The Howard Jarvis Taxpayers Association plans to appeal today‘s decision by the Sacramento Superior Court dismissing their legal challenge against the state’s past collection of a “fire prevention fee” from rural homeowners.

“Dismissal of this case was an abuse of discretion and rewards the state for creating delay,” said HJTA’s Director of Legal Affairs, Tim Bittle.

HJTA has been fighting the state’s fire prevention fee on two fronts since it was first imposed, suing in court and lobbying in the Legislature. Approximately 800,000 rural property owners living in State Responsibility Areas (SRAs) have been assessed an annual fee of up to $152.33 per habitable structure.

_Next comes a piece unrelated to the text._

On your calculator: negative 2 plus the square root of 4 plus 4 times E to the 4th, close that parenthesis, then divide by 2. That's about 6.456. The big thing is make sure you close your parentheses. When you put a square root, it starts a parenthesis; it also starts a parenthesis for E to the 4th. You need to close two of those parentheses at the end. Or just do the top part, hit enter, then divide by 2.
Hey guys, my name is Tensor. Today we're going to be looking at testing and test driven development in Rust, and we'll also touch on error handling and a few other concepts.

Because most property owners in the SRAs receive no service or benefit for it, HJTA contends that the fee is actually an illegal tax which needed, but did not receive, a two-thirds vote in the Legislature.

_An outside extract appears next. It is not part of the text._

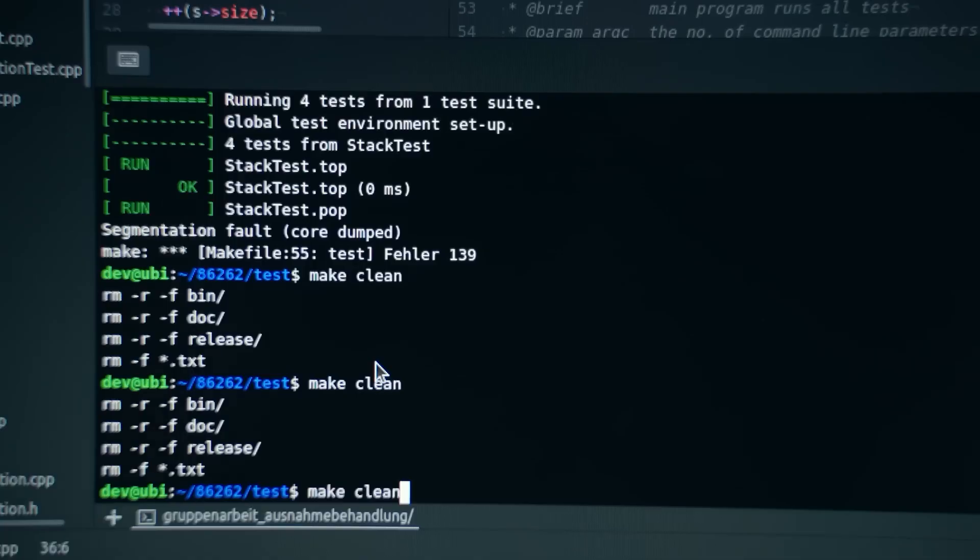Claude has had for a long time, since Claude 3 back in March, the ability to analyze images and respond to them with text.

HJTA’s lobbying efforts in Sacramento paid off earlier this year when the Legislature agreed to suspend the fee and instead fund fire prevention with revenue from the Greenhouse Gas Reduction Fund, which is funded from the state’s Cap-and-Trade Program. But HJTA argued in court that its lawsuit did not become moot because the court could still award refunds for thousands of property owners who paid the fee under protest.

On Monday, the judge used her discretion to side with the Attorney General and dismiss the case, even though the case had been presented to the court for disposition on the merits the preceding Friday. The case was fully briefed and HJTA lawyers had filed hundreds of pages of state budgetary evidence showing how fee revenue was being spent, together with 600 affidavits from rural property owners testifying that they paid the fee but received nothing in return for it. The Attorney General’s office had filed its opposition papers as well, which represented a significant investment of taxpayer dollars. Despite this, the judge decided to not read or rule on the briefs and evidence. Instead she dismissed the case on the grounds that it should have been set for hearing sooner, ignoring an earlier ruling that, due to its complexity, the case was exempt from any specific deadline.

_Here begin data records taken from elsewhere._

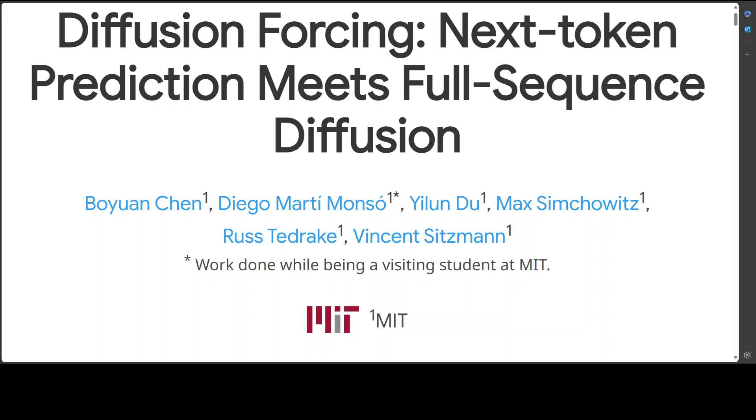This is a new training paradigm where a diffusion model is trained to denoise a set of tokens with independent per-token noise levels. They have applied Diffusion Forcing to generative modeling by training a causal next token prediction model to generate one or several future tokens without fully diffusing past tokens.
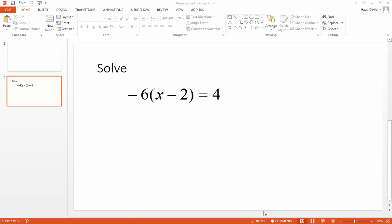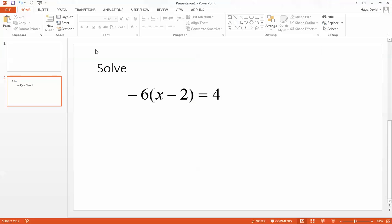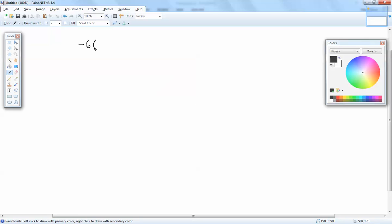Let's take a look at this problem. We've got negative 6 times x minus 2 equals 4, and let's go through our four steps.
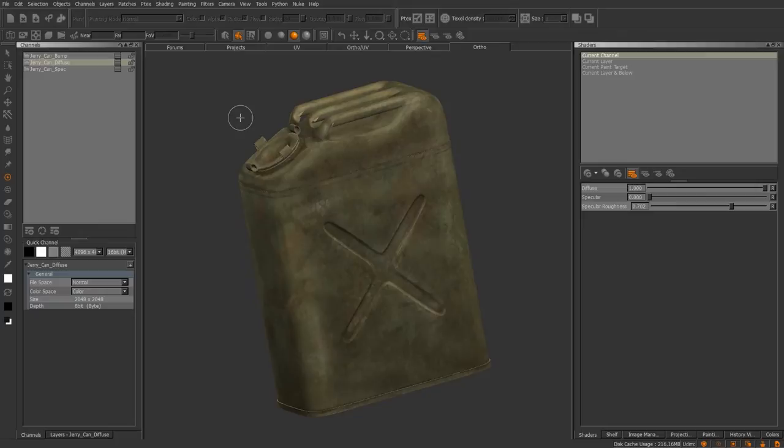Welcome back. In this video we're going to start going over the shader channels and Mari's layering system. Since the release of Mari 2.0, they've introduced more of a non-destructive, Photoshop-type workflow while you're texturing within Mari. We'll go over shaders first, then channels, and then I'll show you how to deal with layers, sharing layers, and everything like that.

“In the first two years, the state kept the case tied up in procedural motions,” Bittle said. “Then it fought our ability to represent all payers as a class. Then it insisted we publish notice of the case in 19 different newspapers. Finally, it buried us in over 12,000 pages of discovery responses which took months to read and sort in order to find the hidden evidence that proved our case. And now the Attorney General complains that we waited too long? That’s crooked.”

“We don’t want to say it’s a rigged system,” said HJTA president Jon Coupal. “But we will appeal this ruling as a bizarre miscarriage of justice and we will continue to fight for the refunds that are owed to rural Californians for this illegal and now suspended tax.”